Rich asked if she meant the workgroup should prioritize within the four categories of recommendations.

“I don’t think he went into that detail. I thought he just said what you want your list of priorities to be,” Campbell said. “He didn’t specify; he just wanted the list of priorities.”

Music professor Danelle Larson said the group should get clarifications regarding whether or not it should prioritize its recommendations.

Larson said it did not have to do that for the preliminary recommendations because its group is different.

Accountant Joyce Schumacher said Workgroup No.7 is different because it is not mutually exclusive.

But Rich said this time, Glassman specifically said every workgroup is required to prioritize.

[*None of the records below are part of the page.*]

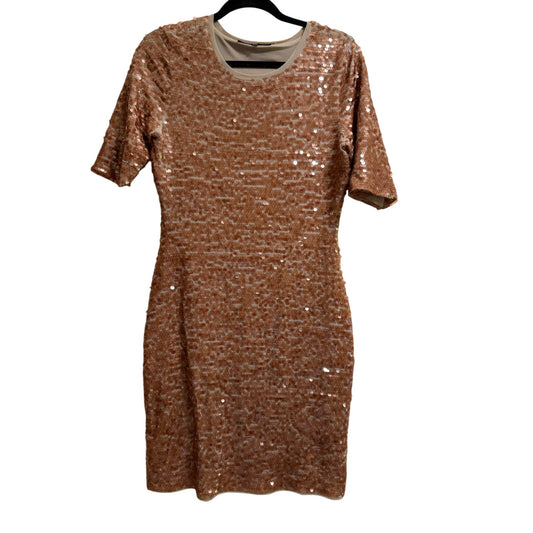 BCBG Maxazria Medium Sequined Brown Short Sleeve Dress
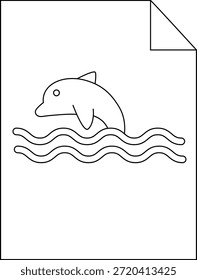 Un dibujo de línea en una página presenta un delfín saltando de las olas con una esquina doblada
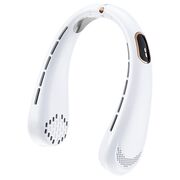 Ventilator portabil pentru gat, cu acumulator reincarcabil, 5 trepte de viteza cu display LED, deschidere ajustabila 1 - 19 cm, alb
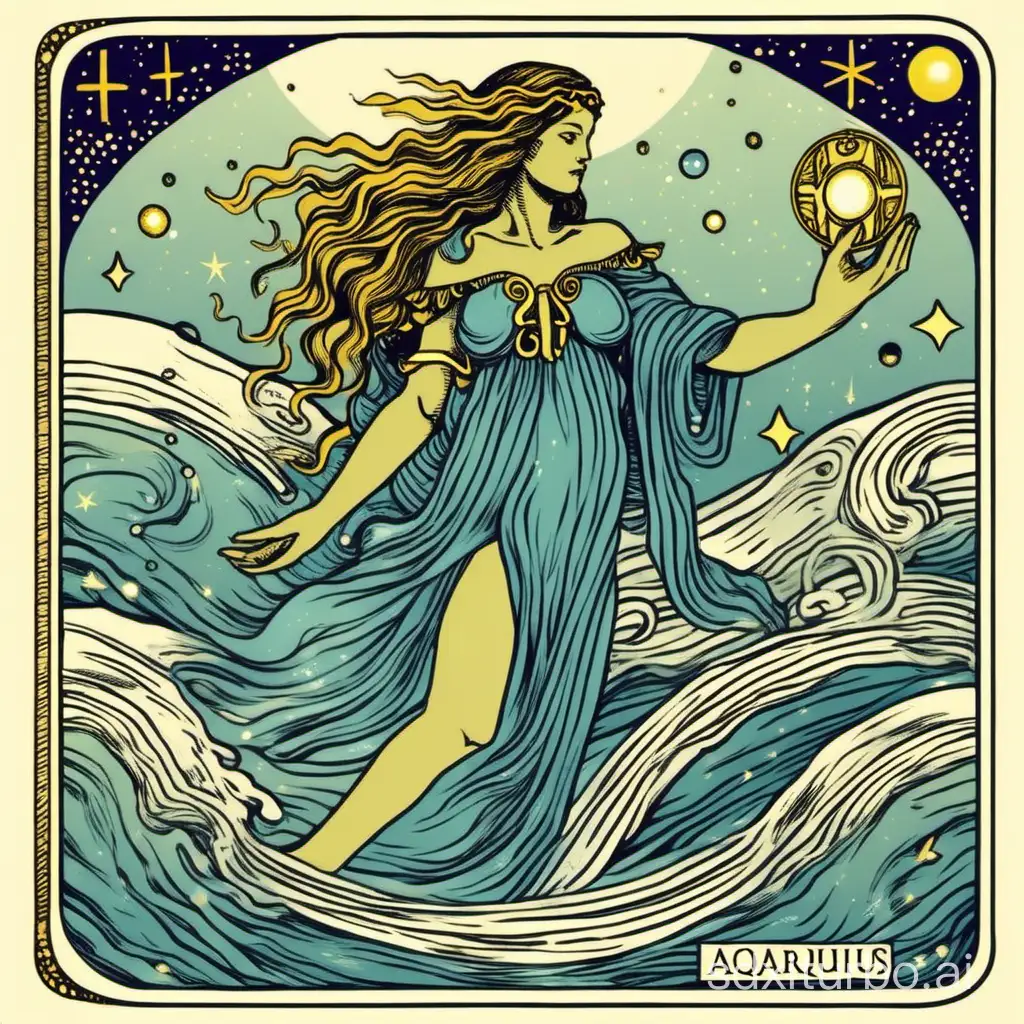 Aquarius,Tarot card form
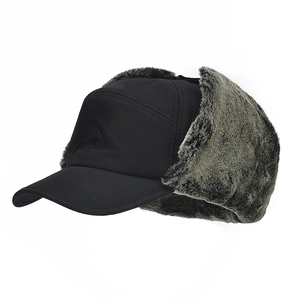 Men's winter black trapper hat with gray faux fur lining and BUFFLEX embroidery logo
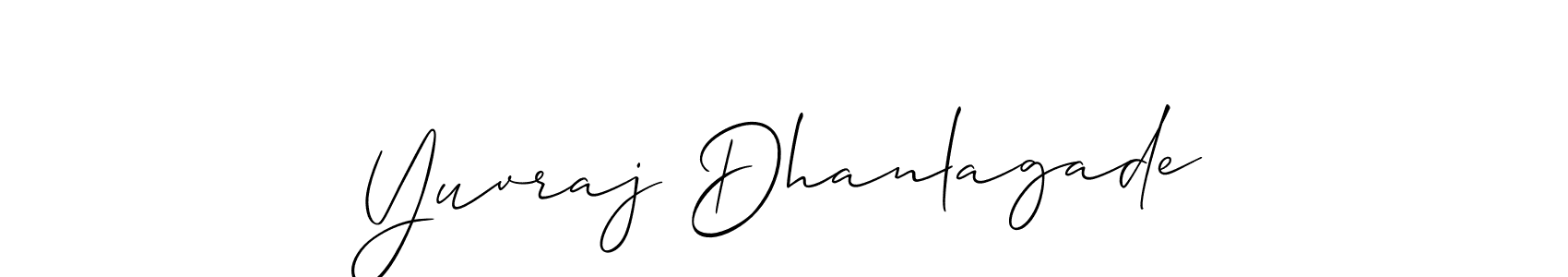 Design your own signature with our free online signature maker. With this signature software, you can create a handwritten (Allison_Script) signature for name Yuvraj Dhanlagade. Yuvraj Dhanlagade signature style 2 images and pictures png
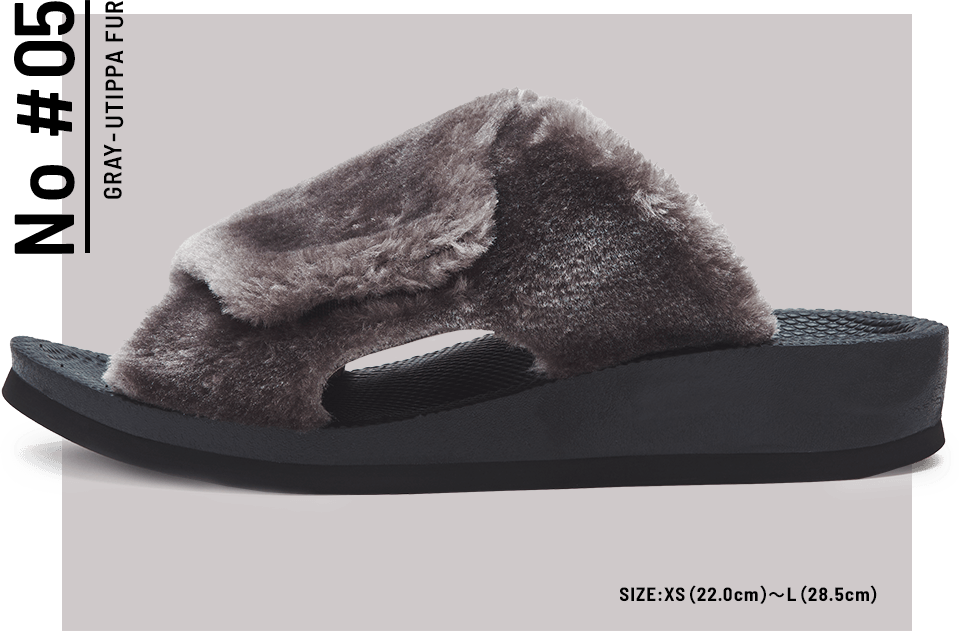 GRAY- UTIPPA Fur SIZE:XS（22.0cm）~L（28.5cm）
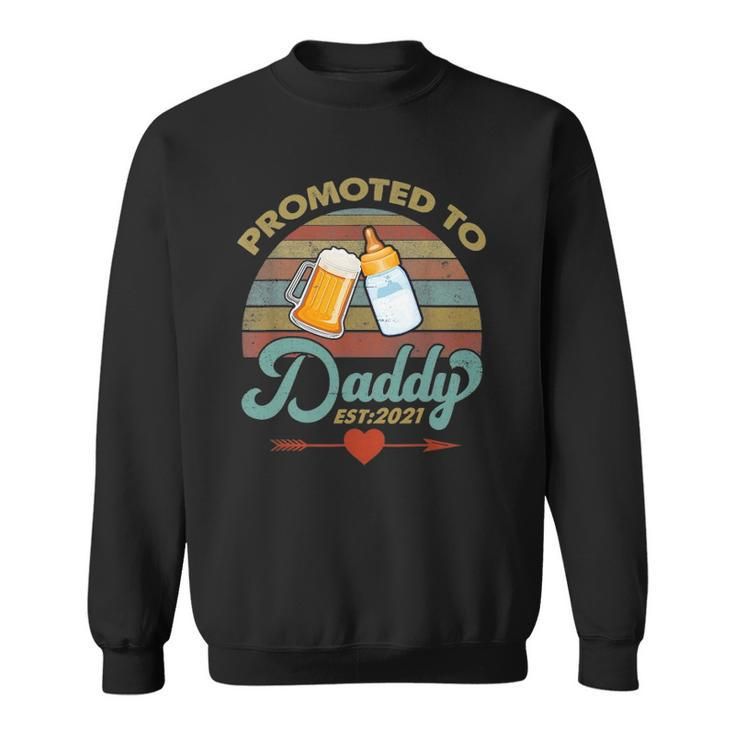 Promoted To Daddy Est 2021 Beer Dad Bottle Baby Shower Sweatshirt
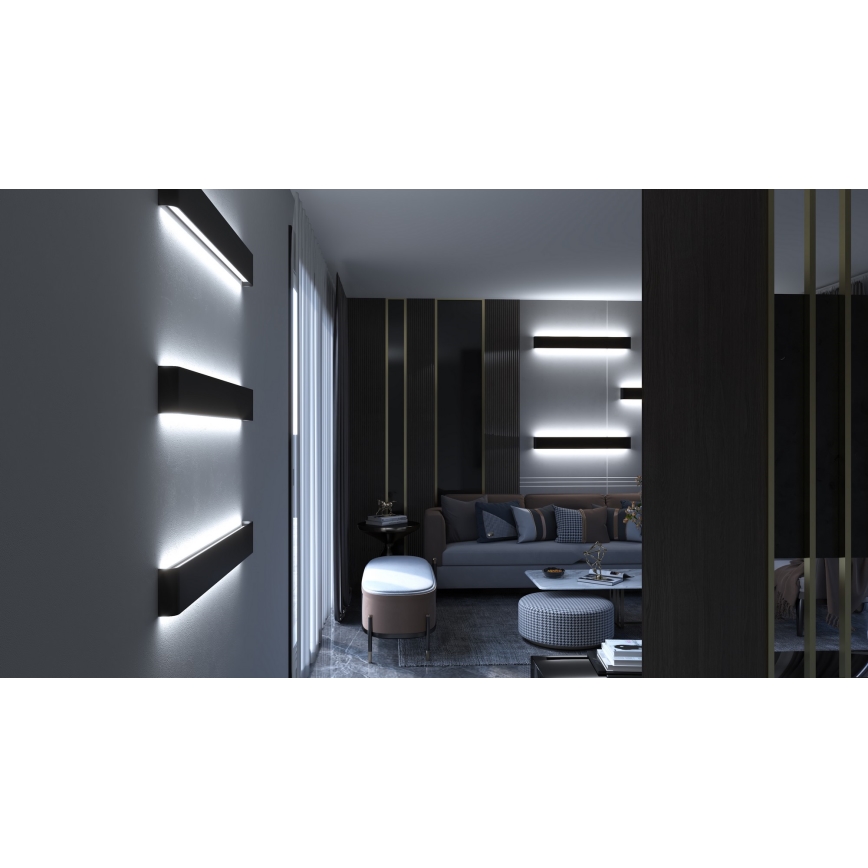 Immax NEO 07137-B - LED SMART Ljusreglerad vägglampa LINEA svart LED/40W/230V + fjärrkontroll 76 cm Tuya ZigBee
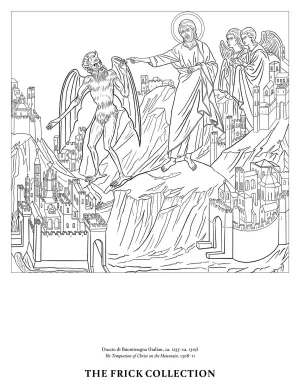 Christ, followed by two angels, extending his arm towards Satan, standing atop mountains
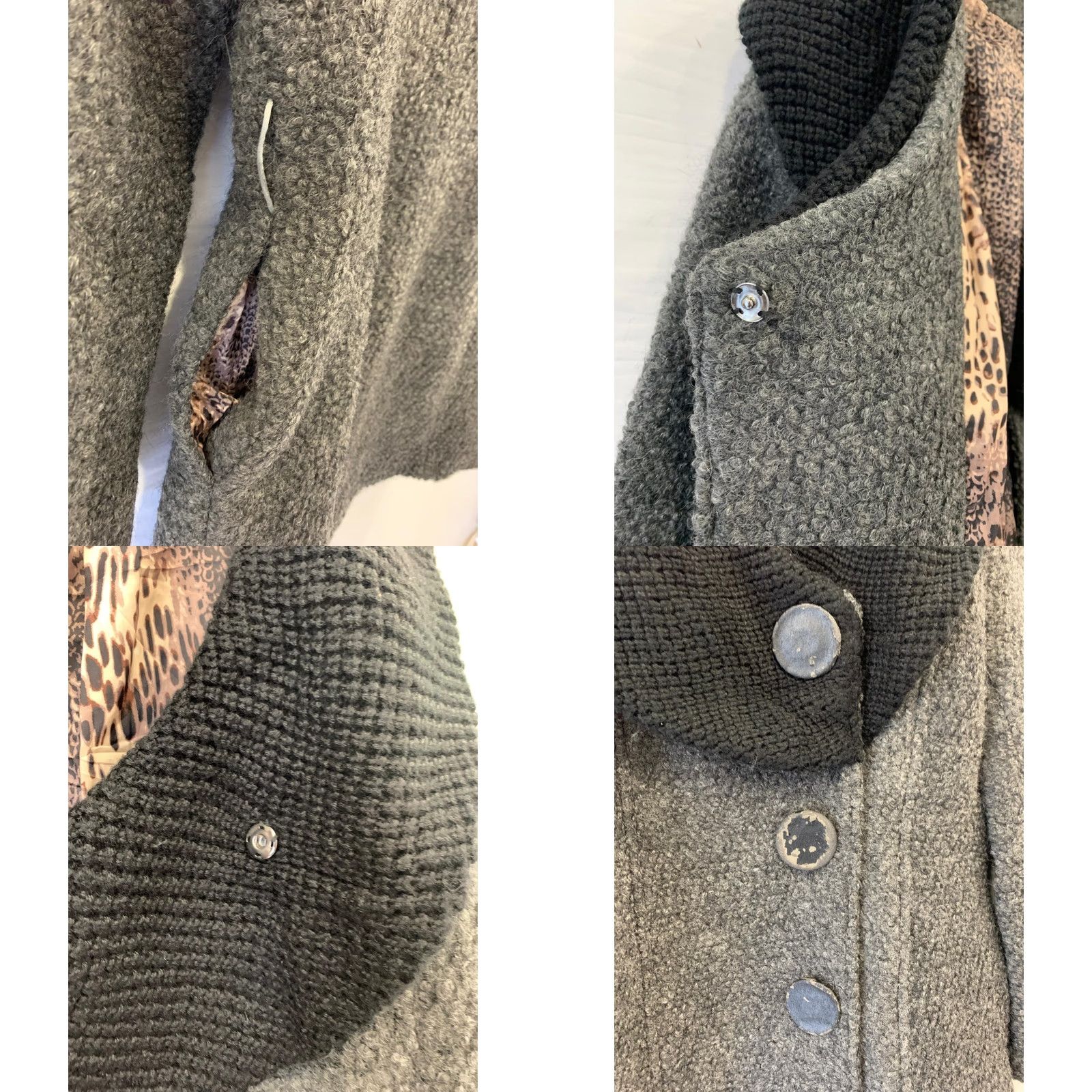 Max Mara VINTAGE Max Mara Coat Women XL Gray Oversized Collar Front Button Wool Coat Desginer#155 Size XL / US 12-14 / IT 48-50 - 8 Thumbnail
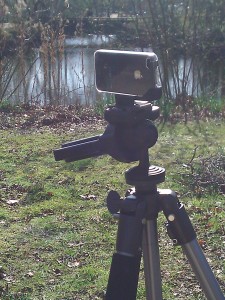 iPhone on a tripod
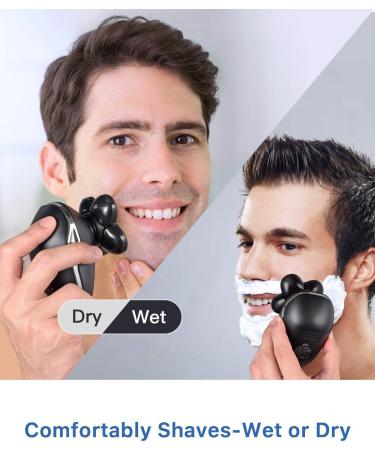 5-in-1 Electric Razor for Men | Rechargeable Shaver Hair Clipper Nose & Ear Trimmer Facial Brush - International Shipping Available - Buy Online on GoSupps.com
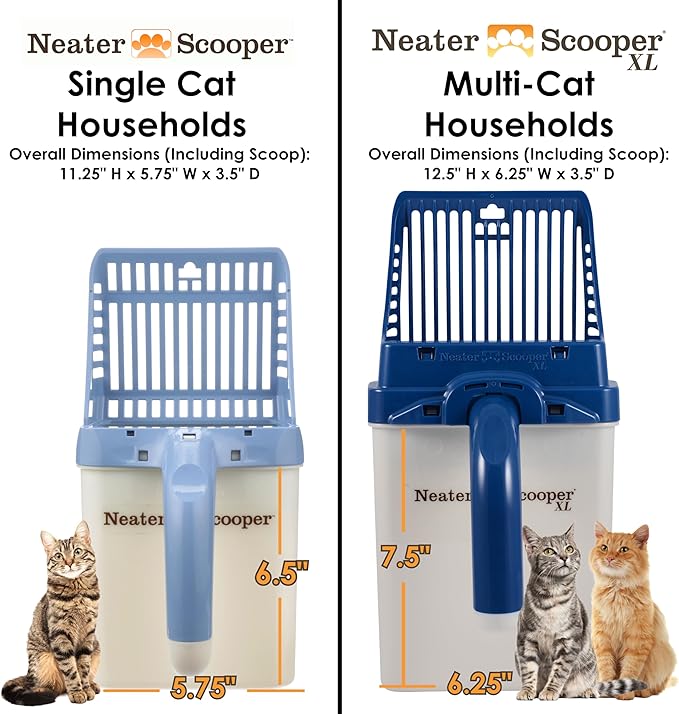 Neater Pet Brands Neater Scooper Standard Cat Litter Scoop, 60 Refill Bags – Mess-Free Cat Litter Scooper with Bag, Spill-Proof Kitty Box Sifter, Bin Doubles as Scoop Holder, For Single-Cat Households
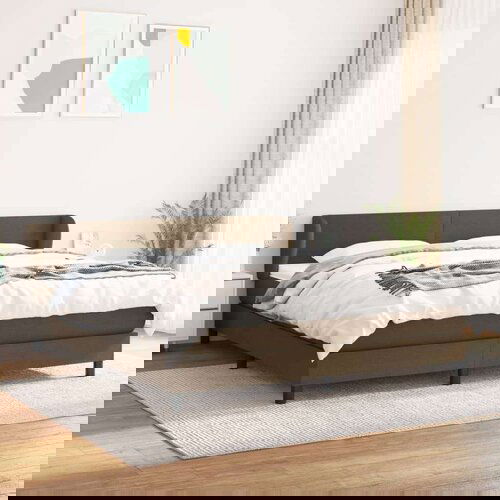  Krevet s oprugama i madracem tamnosmeđi 160x200 cm tkanina Cijene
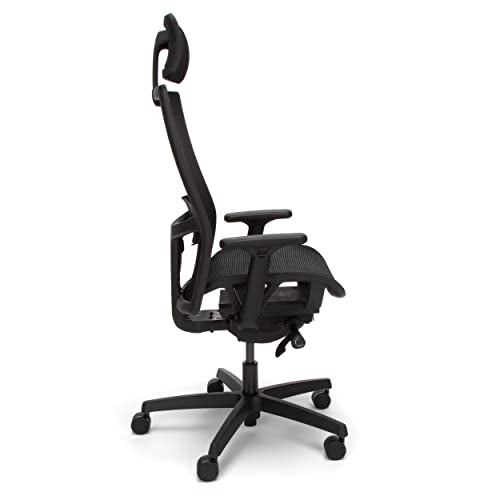HON Ignition 2.0 Ergonomic Mesh Office Chair with Headrest - High Back, Adjustable Lumbar Support, Armrests, Synchro-Tilt Recline - Black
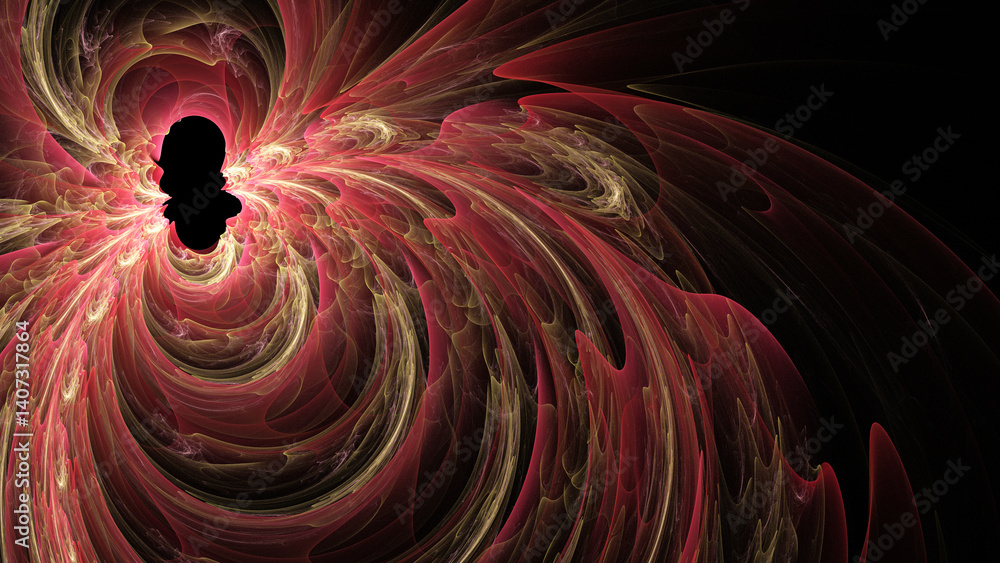 Fractal colored abstract on black background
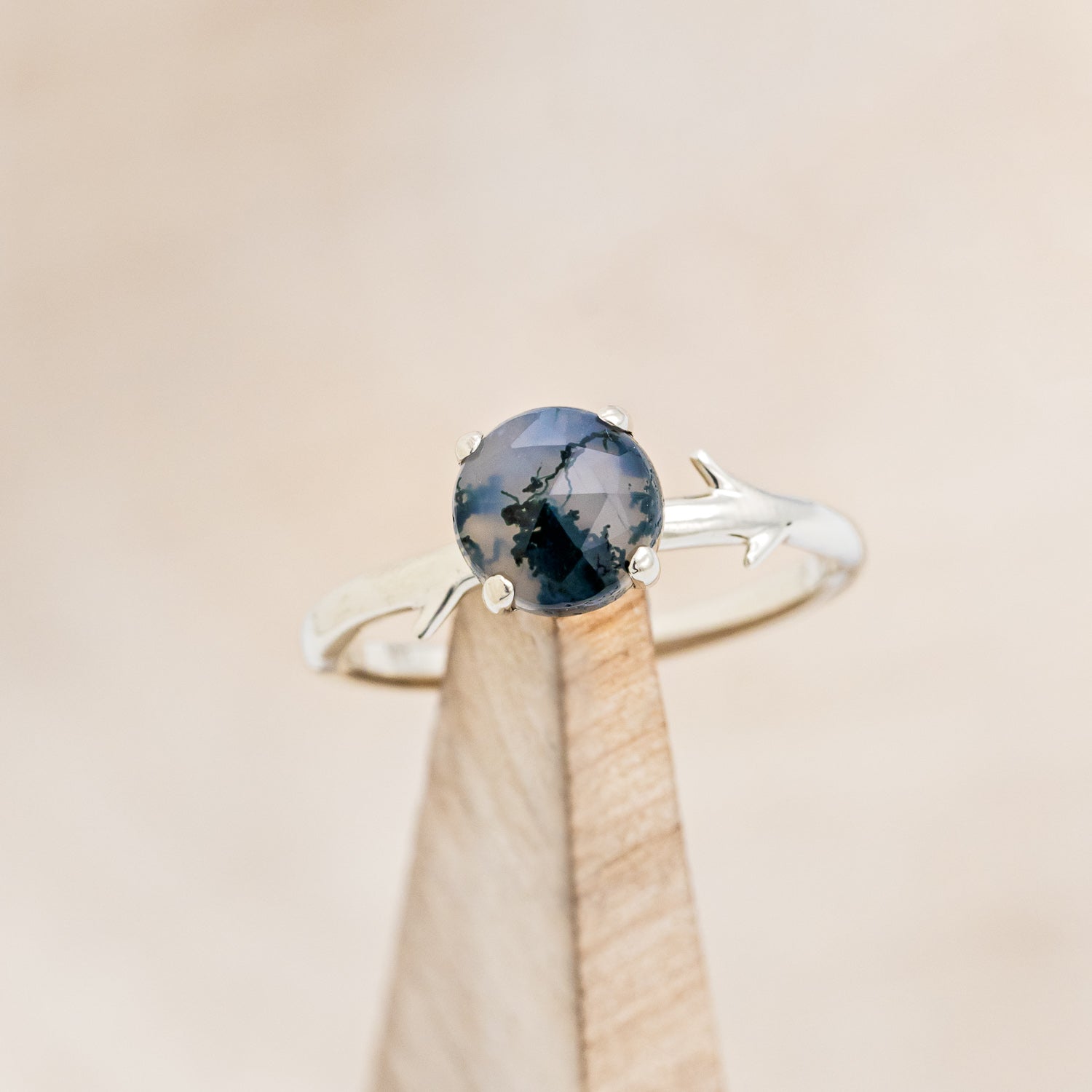 "ARTEMIS" - ROUND MOSS AGATE ENGAGEMENT RING WITH AN ANTLER-STYLE STACKING BAND-3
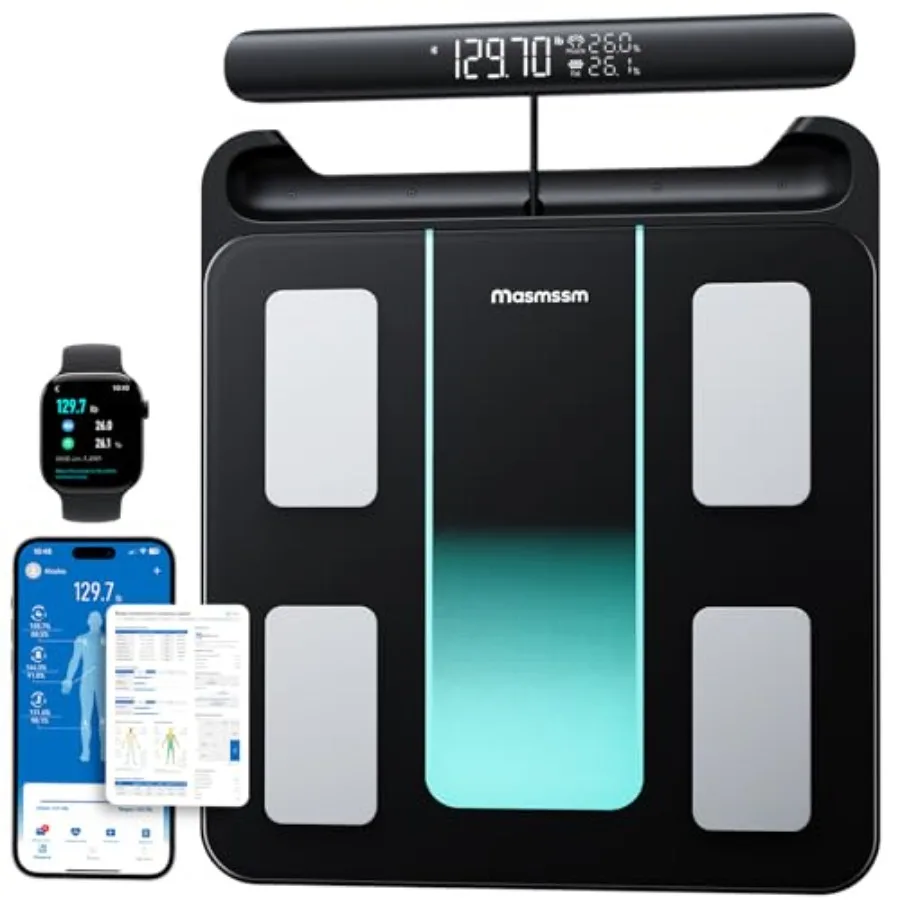 

Smart Scale for Body Weight Fat 8-Electrode Full-Body Composition Scale with Handle Display Dual-Frequency BIA 28 Body Metrics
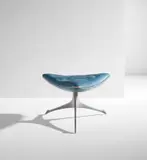 Vladimir Kagan, "Tri-symmetric" stool, model no. 504, circa 1955, Aluminum, vinyl upholstery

Stevens said Glassman wants a stand-alone page of recommendations with the majority and minority ratings prioritized.

He said it would make sense if only the recommendations under the fourth category are prioritized, but other group members argued the recommendations under category one should be prioritized as well.

Rich said the recommendations under the fourth category consist of programs with very low enrollments.

“That would be a good opportunity for the departments with the very low enrollments (to) talk with the president about it,” Rich said.

Rich said the new terminology for the categories essentially means the same thing; there’s just a little more positive spin on it because of the negative reaction from the original ones.

“The perception is out there that these are things that everybody knows already,” Rich said. “Nothing that we have in our report is breaking news… somebody just put it on paper.”

Rich said the workgroup is kind of on hold with the final recommendation template until the members hear from Hendrickson or Miller.

As for formatting its recommendations for the last time, Rich sent out a possible document to use, essentially starting from scratch and listing the ratings the members had for the different academic programs.

However, workgroup members said it would be complicated to use because of all the changes that needed to be made.

Instead, members agreed it would be easier to use what they used in the first round of recommendations and just readjust the ratings or recommendations where they need to.

The Workgroup will bring its rating sheets and discuss them and formatting final recommendations at its next meeting 4 p.m. Thursday in the Sullivan Room of the Martin Luther King Jr. University Union.

The workgroup will also send two members to meet with chairs of departments it put in the fourth category of recommendations, for program deletion, outsourcing or consolidation.

These meetings will take place over the next couple of days.

Rich instructed members that if someone should show up with multiple people to try to change the format of the meeting, then they have to explain why they cannot do that because the meeting was already decided on.

These meetings are not only good for the workgroup, Rich said, but they are also good for the departments to help them organize what they are going to say to the president when they meet with him to discuss the recommendations.